## [What to do]
Extract the line that contains "arrow symbol for" and every line after it through the end of the records below, exactly as written, leaving out any pictures.

## [Data to process]
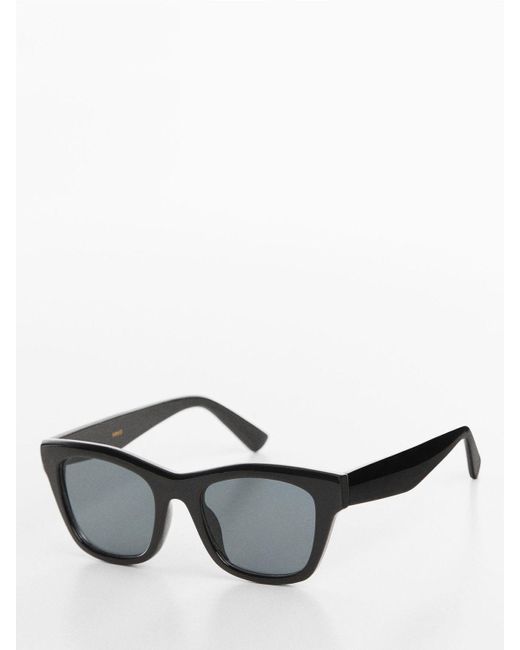 Mango Gray Mara Square Sunglasses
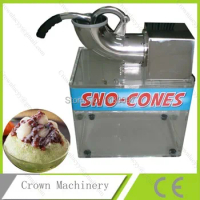 Commercial Ice Crusher Shaver ; Snowflake Ice Machine Snow Cone Machine Automatic Double Blades Shaver Ice Snow Cone Maker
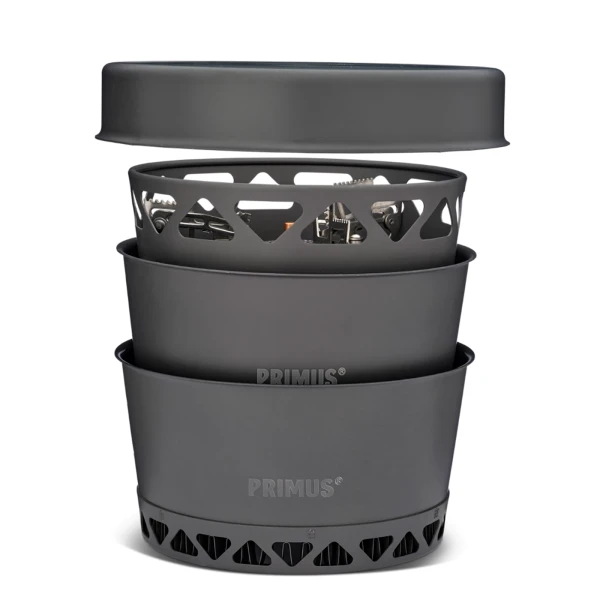 Primetech Stove Set 2 x 1.3L w. Pan
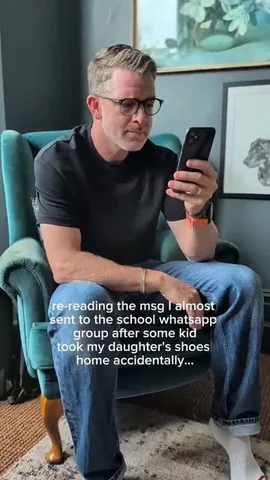 father_of_daughters Instagram post about Back to school mishap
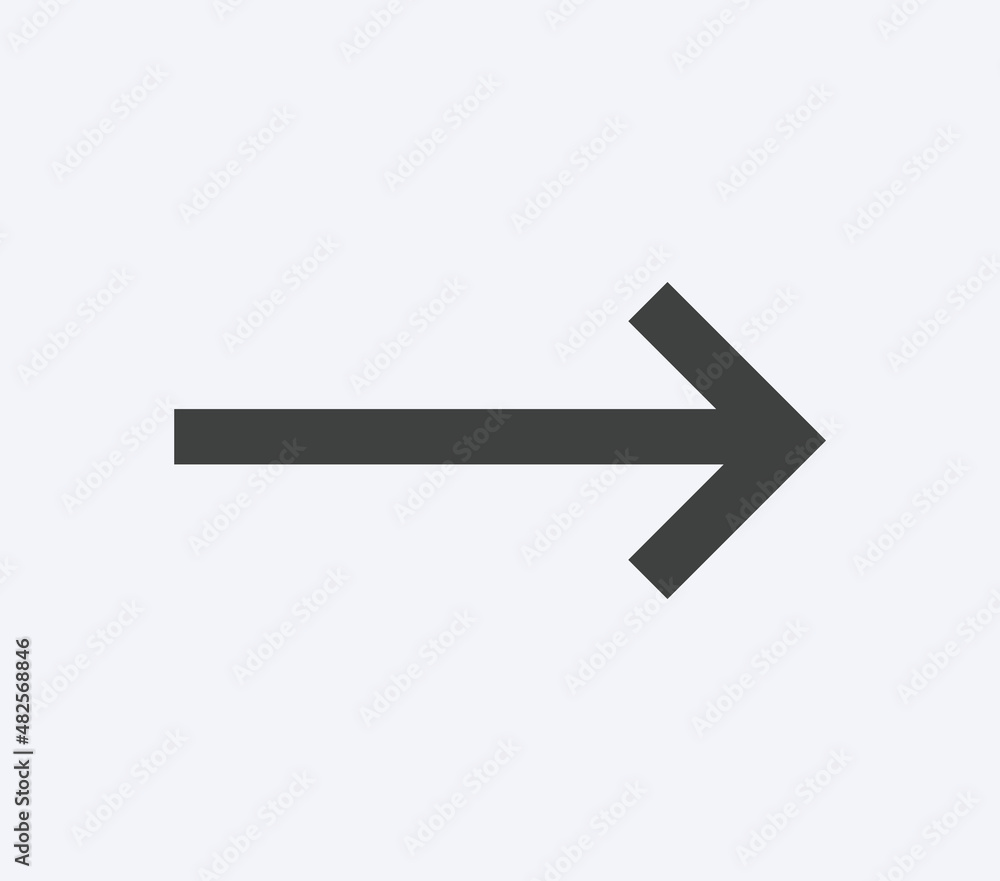 arrow symbol for website or web template. arrow icon vector on white background
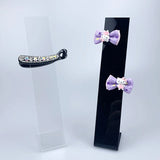 Acrylic Hair Clips Stand Display Hair Accessories Holder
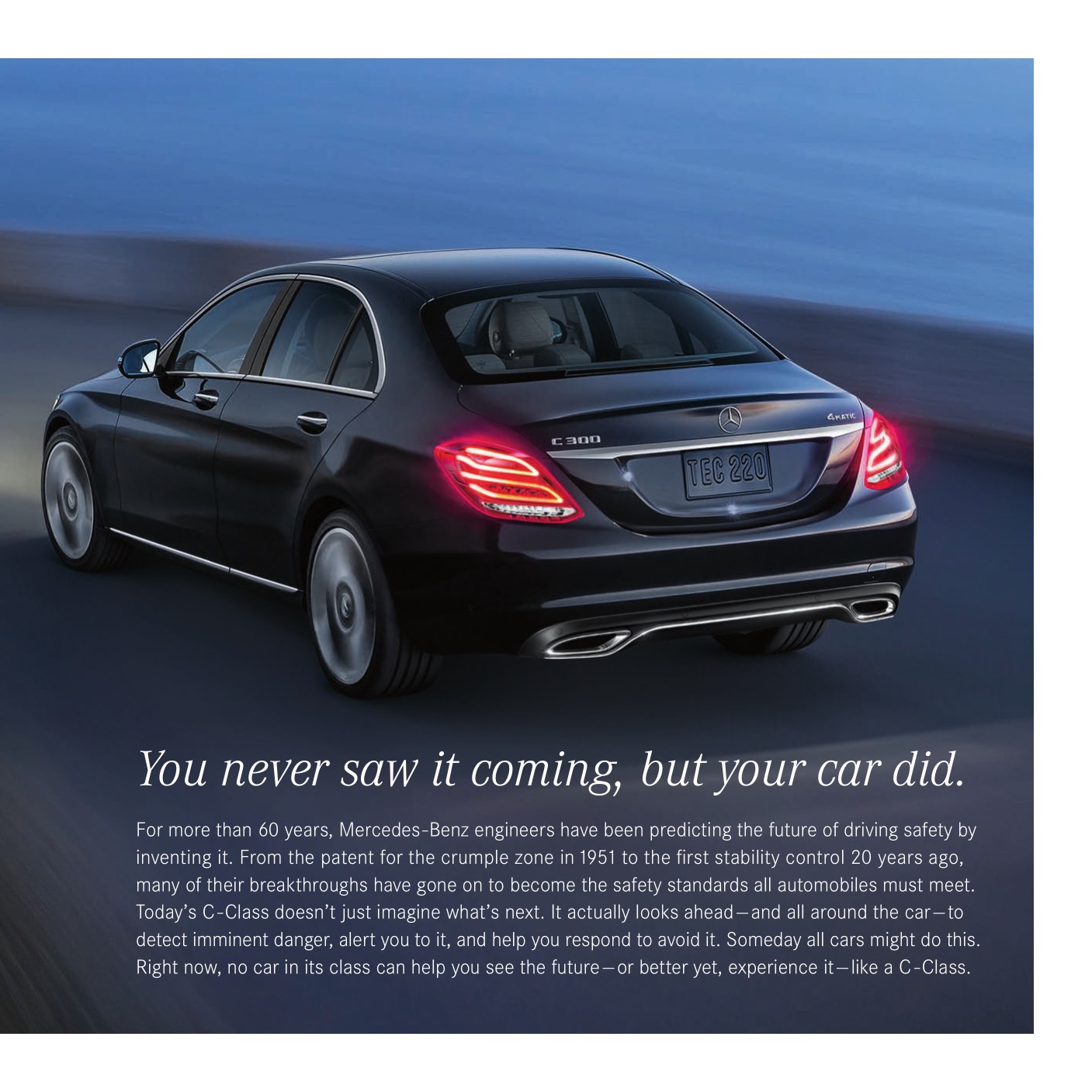 2015 Mercedes-Benz C-Class Brochure Page 2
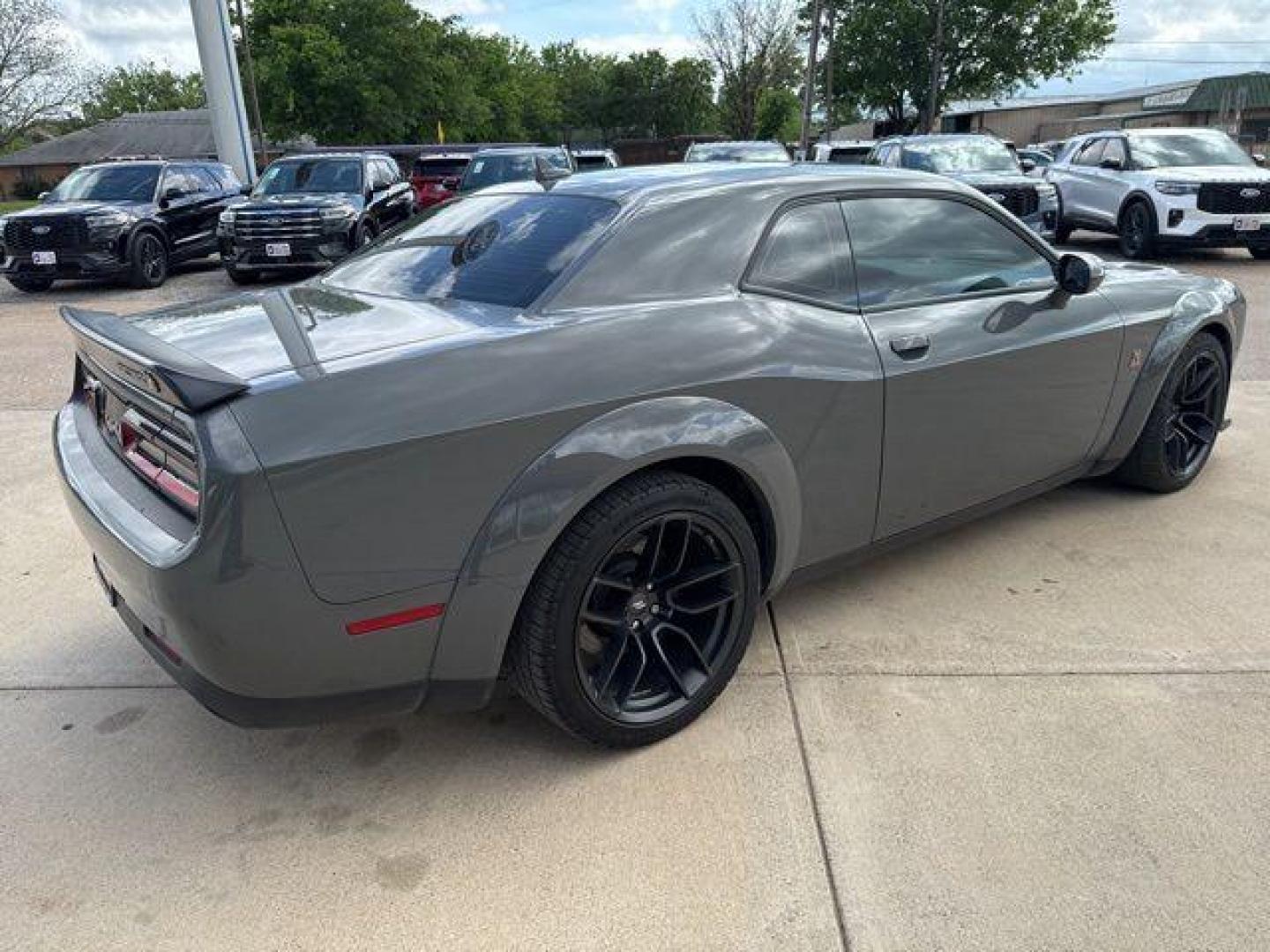2023 Destroyer Gray Clearcoat /Black Dodge Challenger R/T Scat Pack Widebody (2C3CDZFJ4PH) with an SRT HEMI 6.4L V8 MDS engine, Automatic transmission, located at 1105 E Mulberry, Kaufman, TX, 75142, (972) 962-2151, 32.589550, -96.300926 - Destroyer Gray Clearcoat 2023 Dodge Challenger 2D Coupe R/T Scat Pack Widebody RWD 8-Speed Automatic SRT HEMI 6.4L V8 MDS Priced below KBB Fair Purchase Price!<br><br><br>Recent Arrival!<br><br><br>Please call Paul Murrey Ford Inc. In Kaufman Texas A Family Dealership Since 1952 Serving the Dallas F - Photo#29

## [Finished exercise]
 arrow symbol for website or web template. arrow icon vector on white background
 Acrylic Hair Clips Stand Display Hair Accessories Holder
 2015 Mercedes-Benz C-Class Brochure Page 2
2023 Destroyer Gray Clearcoat /Black Dodge Challenger R/T Scat Pack Widebody (2C3CDZFJ4PH) with an SRT HEMI 6.4L V8 MDS engine, Automatic transmission, located at 1105 E Mulberry, Kaufman, TX, 75142, (972) 962-2151, 32.589550, -96.300926 - Destroyer Gray Clearcoat 2023 Dodge Challenger 2D Coupe R/T Scat Pack Widebody RWD 8-Speed Automatic SRT HEMI 6.4L V8 MDS Priced below KBB Fair Purchase Price!<br><br><br>Recent Arrival!<br><br><br>Please call Paul Murrey Ford Inc. In Kaufman Texas A Family Dealership Since 1952 Serving the Dallas F - Photo#29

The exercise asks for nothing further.